SOEM timout in ecx

Hi,

I am running on a Linux Debian 10 with a RT-PREEMPT kernel and using an I219 NIC to communicate with several Ethercat slaves. I encounter some difficulties when calling “ec_receive_process_data(int timeout)”: the timeout does not seem to be properly used. Setting 1µs or 1ms does not make any difference to the time spent in ecx_waitinframe. It seems that ecx_waitinframe is a blocking function but should not be.

I can reproduce the issue on a different hardware, running the same OS.

I have noticed that the driver is working in a blocking mode. Should I configured it to be non-blocking and do you know how to do so ?

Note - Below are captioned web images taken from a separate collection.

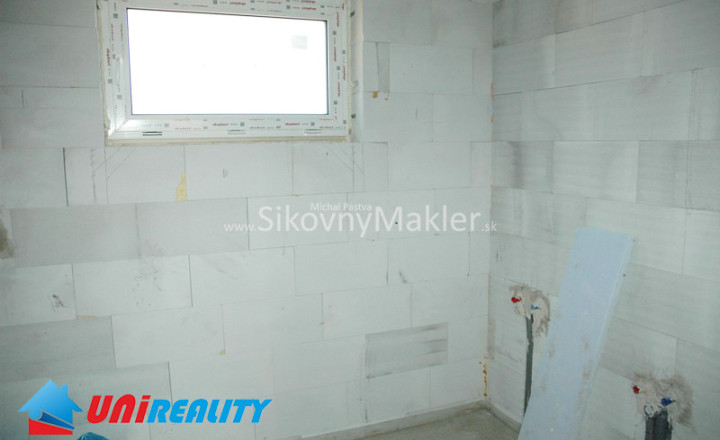 MALÉ KRŠTEŇANY - Novostavba RD s garážou - fotografia 12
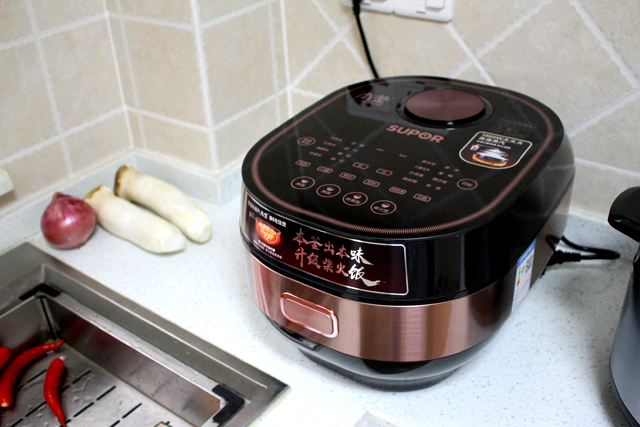 2299元究竟贵在哪里？苏泊尔蒸汽本釜IH电饭煲评测！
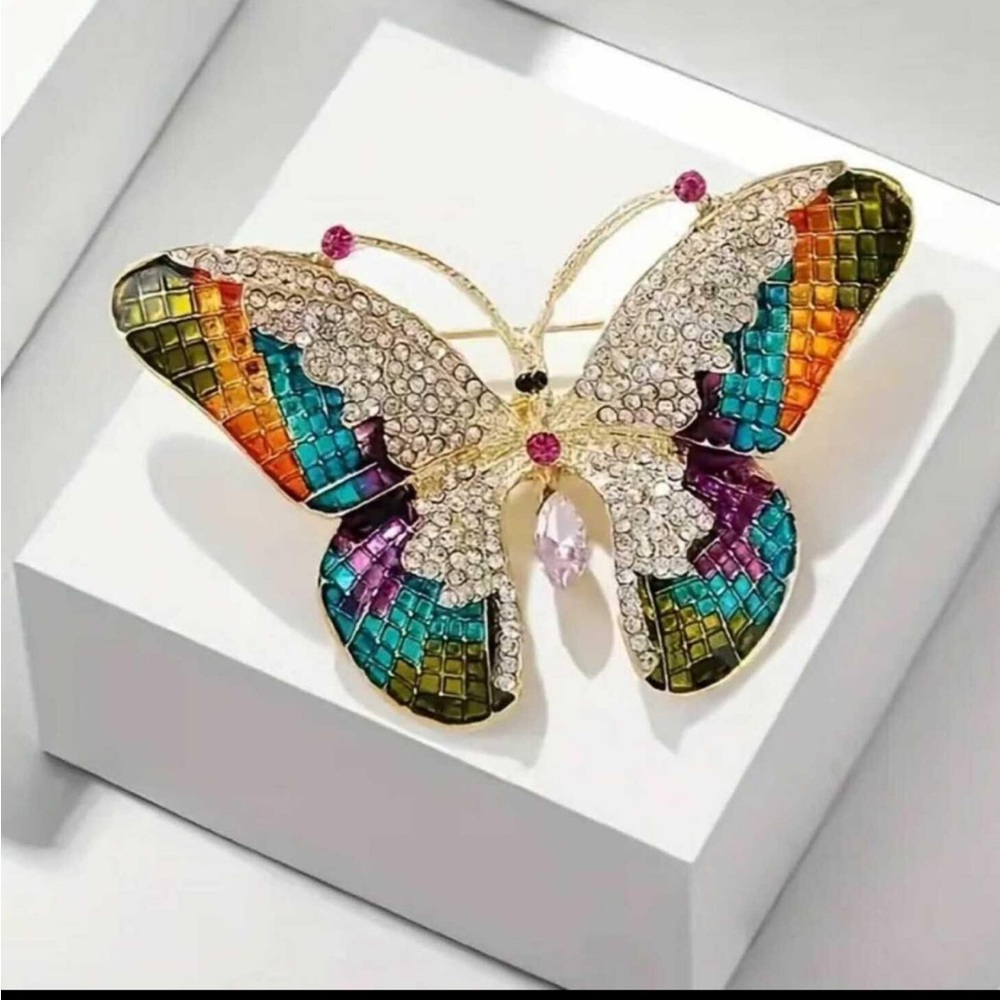 NWT Butterfly Brooch -‎ Sparkling Rhinestones Pin Colorful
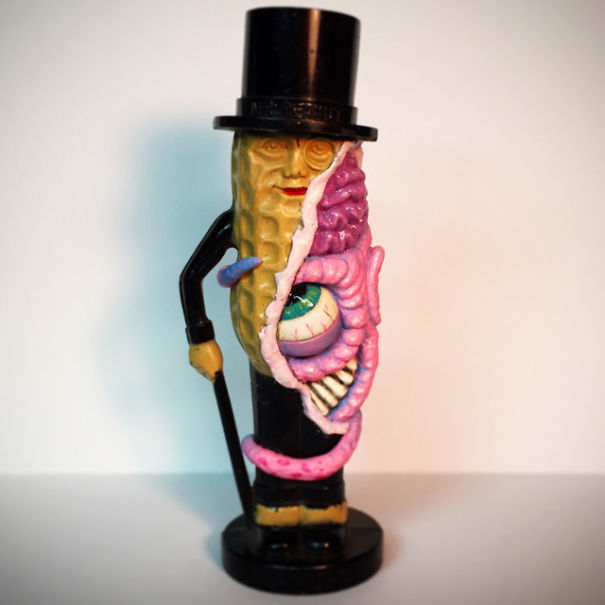 Monsters Infest My Garbage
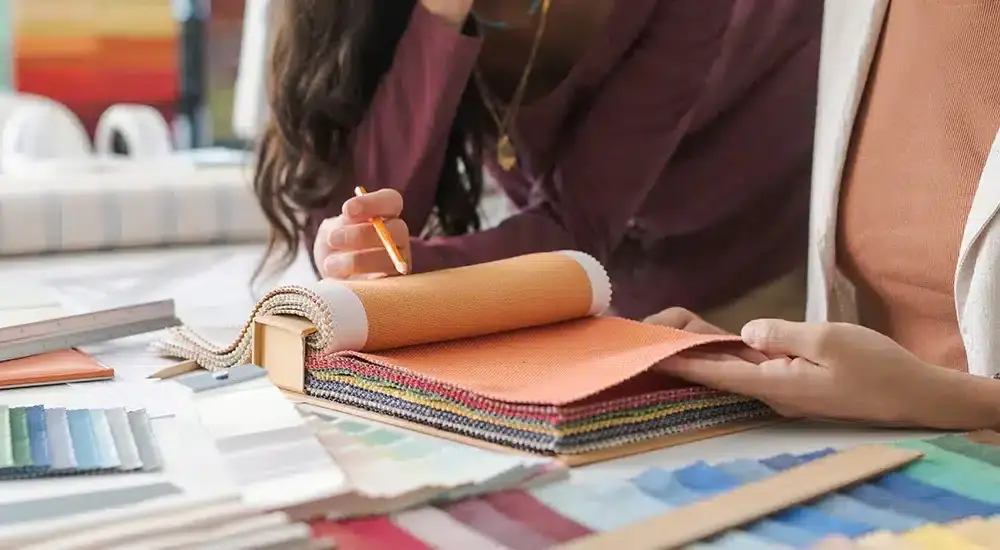 Consulenza di tappezzeria con scelta dei tessuti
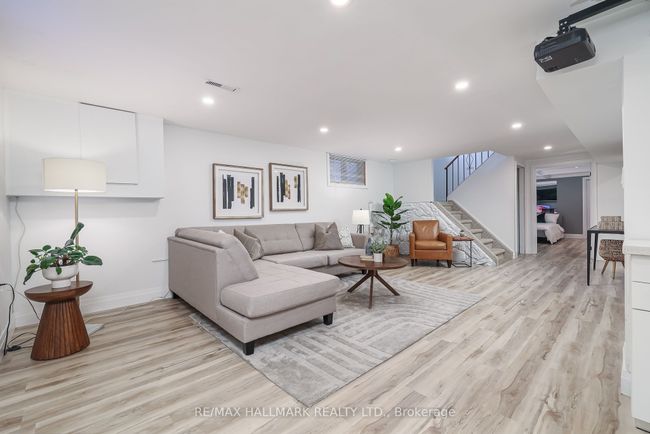 183 Willowridge Rd, House attached with 4 bedrooms, 2 bathrooms and 2 parking in Etobicoke ON | Image 30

Sep 28 '20 09:09 grandphil

SOEM configures a non-blocking RAW socket in Linux. You should check the return values of the setsocketopt and check if your kernel driver supports all the flags that SOEM sets.

From nicdrv.c:

/* we use RAW packet socket, with packet type ETH_P_ECAT */

*psock = socket(PF_PACKET, SOCK_RAW, htons(ETH_P_ECAT));

timeout.tv_sec = 0; timeout.tv_usec = 1; r = setsockopt(*psock, SOL_SOCKET, SO_RCVTIMEO, &timeout, sizeof(timeout)); r = setsockopt(*psock, SOL_SOCKET, SO_SNDTIMEO, &timeout, sizeof(timeout)); i = 1; r = setsockopt(psock, SOL_SOCKET, SO_DONTROUTE, &i, sizeof(i)); / connect socket to NIC by name */ strcpy(ifr.ifr_name, ifname); r = ioctl(psock, SIOCGIFINDEX, &ifr); ifindex = ifr.ifr_ifindex; strcpy(ifr.ifr_name, ifname); ifr.ifr_flags = 0; / reset flags of NIC interface */ r = ioctl(psock, SIOCGIFFLAGS, &ifr); / set flags of NIC interface, here promiscuous and broadcast */ ifr.ifr_flags = ifr.ifr_flags | IFF_PROMISC | IFF_BROADCAST; r = ioctl(psock, SIOCSIFFLAGS, &ifr); / bind socket to protocol, in this case RAW EtherCAT */ sll.sll_family = AF_PACKET; sll.sll_ifindex = ifindex; sll.sll_protocol = htons(ETH_P_ECAT); r = bind(*psock, (struct sockaddr *)&sll, sizeof(sll));

Sep 28 '20 20:09 ArthurKetels

This issue may be related to this open issue https://github.com/OpenEtherCATsociety/SOEM/issues/430.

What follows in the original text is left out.